How do you know if you are thinking and acting strategically with regard to your career? What if tactics have overtaken your career vision and impeded your progress? Many of my coaching clients tell me that the minute they found out that a lay-off was coming, they started making phone calls and revising their resume to fit whatever positions were open. While those activities may be part of your overall plan, starting there is definitely “the tail wagging the dog.”
How do Vision, Strategy, and Tactics Differ?
Let’s start with clarifying these terms:
Career vision is what you aspire to do with your strengths and talent.
Career strategy relates to a broader vision or goal, and is focused on the long-term.
Tactics are usually the steps involved in executing the strategy, and are typically short-term.

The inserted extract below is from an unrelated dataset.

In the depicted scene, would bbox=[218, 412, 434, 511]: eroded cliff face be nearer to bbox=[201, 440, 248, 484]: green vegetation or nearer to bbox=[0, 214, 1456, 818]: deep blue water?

This quote sums it up well: “Strategy without tactics is the slowest route to victory. Tactics without strategy is the noise before defeat.” --Sun Tzu
Aligning Your Career Vision, Strategy, and Tactics
Let’s say your goal is to become Chief Marketing Officer (CMO) in a company that invents the medical devices used in spinal surgeries. Before you kick off your job search, remember what Stephen Covey said: “Begin with the end in mind.” In other words, start by defining your career vision first, next your strategy, and then plan all of the interim tactics to ensure that you execute your career strategy. That means understanding the “why” of your goal to become a CMO in a medical device company.

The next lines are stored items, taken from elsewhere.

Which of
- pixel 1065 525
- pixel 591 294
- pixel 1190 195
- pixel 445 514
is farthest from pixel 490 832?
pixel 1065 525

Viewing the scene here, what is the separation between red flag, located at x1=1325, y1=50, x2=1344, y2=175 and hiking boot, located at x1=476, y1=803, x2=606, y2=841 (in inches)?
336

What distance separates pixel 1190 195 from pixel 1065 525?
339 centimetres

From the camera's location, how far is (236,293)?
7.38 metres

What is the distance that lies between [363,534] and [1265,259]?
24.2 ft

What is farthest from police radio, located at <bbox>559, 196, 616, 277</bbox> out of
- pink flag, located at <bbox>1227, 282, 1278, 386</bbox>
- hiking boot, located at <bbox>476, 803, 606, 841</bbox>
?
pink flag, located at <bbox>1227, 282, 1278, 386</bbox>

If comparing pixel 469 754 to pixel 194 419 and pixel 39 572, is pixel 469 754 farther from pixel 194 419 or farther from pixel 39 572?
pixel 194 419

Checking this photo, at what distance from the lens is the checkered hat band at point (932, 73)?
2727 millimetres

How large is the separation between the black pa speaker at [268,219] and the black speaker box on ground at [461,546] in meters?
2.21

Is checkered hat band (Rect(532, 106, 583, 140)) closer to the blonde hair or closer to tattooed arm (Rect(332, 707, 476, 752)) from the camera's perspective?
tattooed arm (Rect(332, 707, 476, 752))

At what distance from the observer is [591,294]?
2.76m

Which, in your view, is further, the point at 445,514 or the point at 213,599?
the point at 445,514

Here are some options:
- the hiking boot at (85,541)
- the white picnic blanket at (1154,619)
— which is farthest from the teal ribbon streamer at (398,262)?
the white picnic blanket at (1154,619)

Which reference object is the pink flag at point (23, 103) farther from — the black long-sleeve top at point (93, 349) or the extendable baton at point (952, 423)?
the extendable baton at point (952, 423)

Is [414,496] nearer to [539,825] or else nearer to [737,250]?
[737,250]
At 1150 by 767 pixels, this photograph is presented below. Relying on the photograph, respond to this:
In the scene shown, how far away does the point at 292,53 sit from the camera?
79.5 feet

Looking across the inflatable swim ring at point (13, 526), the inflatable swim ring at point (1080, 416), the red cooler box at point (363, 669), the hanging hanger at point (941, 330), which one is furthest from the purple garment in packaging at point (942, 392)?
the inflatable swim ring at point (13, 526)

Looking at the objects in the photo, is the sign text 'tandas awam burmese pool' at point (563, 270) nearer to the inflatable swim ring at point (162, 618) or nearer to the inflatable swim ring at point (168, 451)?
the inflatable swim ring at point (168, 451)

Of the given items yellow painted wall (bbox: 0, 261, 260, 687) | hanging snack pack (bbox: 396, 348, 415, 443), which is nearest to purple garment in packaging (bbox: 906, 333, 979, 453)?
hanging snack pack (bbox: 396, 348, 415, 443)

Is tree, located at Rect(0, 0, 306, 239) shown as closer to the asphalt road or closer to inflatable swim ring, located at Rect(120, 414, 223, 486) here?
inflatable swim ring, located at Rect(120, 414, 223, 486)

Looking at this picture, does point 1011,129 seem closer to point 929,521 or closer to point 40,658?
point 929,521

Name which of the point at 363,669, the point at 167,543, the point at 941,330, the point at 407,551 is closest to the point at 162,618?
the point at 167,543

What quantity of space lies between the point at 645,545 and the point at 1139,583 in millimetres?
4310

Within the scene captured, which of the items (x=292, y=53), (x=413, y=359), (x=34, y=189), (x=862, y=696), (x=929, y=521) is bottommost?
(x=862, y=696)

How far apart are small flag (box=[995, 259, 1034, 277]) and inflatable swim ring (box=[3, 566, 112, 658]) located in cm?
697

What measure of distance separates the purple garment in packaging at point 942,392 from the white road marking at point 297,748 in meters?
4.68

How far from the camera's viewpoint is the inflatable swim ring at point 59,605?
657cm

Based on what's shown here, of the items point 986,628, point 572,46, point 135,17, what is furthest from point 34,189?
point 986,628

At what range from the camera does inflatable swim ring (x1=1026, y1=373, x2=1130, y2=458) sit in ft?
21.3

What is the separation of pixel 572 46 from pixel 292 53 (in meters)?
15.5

Some self-assessment is in order if you are to define and articulate a compelling case when you do write your resume or LinkedIn profile. Does your background and education include bio-science? Did someone in your family have a spinal surgery that was life-changing? Is this a field that closely aligns with your personal values?
Your career vision could be: To transform the lives of spinal surgery patients by getting the word out about the best medical device company in the field.
Your strategy must also include gathering market intelligence to understand which companies are on the rise. Discover where thought leaders are taking the industry and decide which companies you want to work with (strategy), rather than only applying to open positions (tactic).
Short Circuit or Accelerated Success
You could short circuit your career plan by executing at a tactical level before you have the broader vision and strategy worked out. Conversely, developing a written vision and strategy, then executing the tactical sub-steps with diligence, creativity, and focus, will accelerate your success.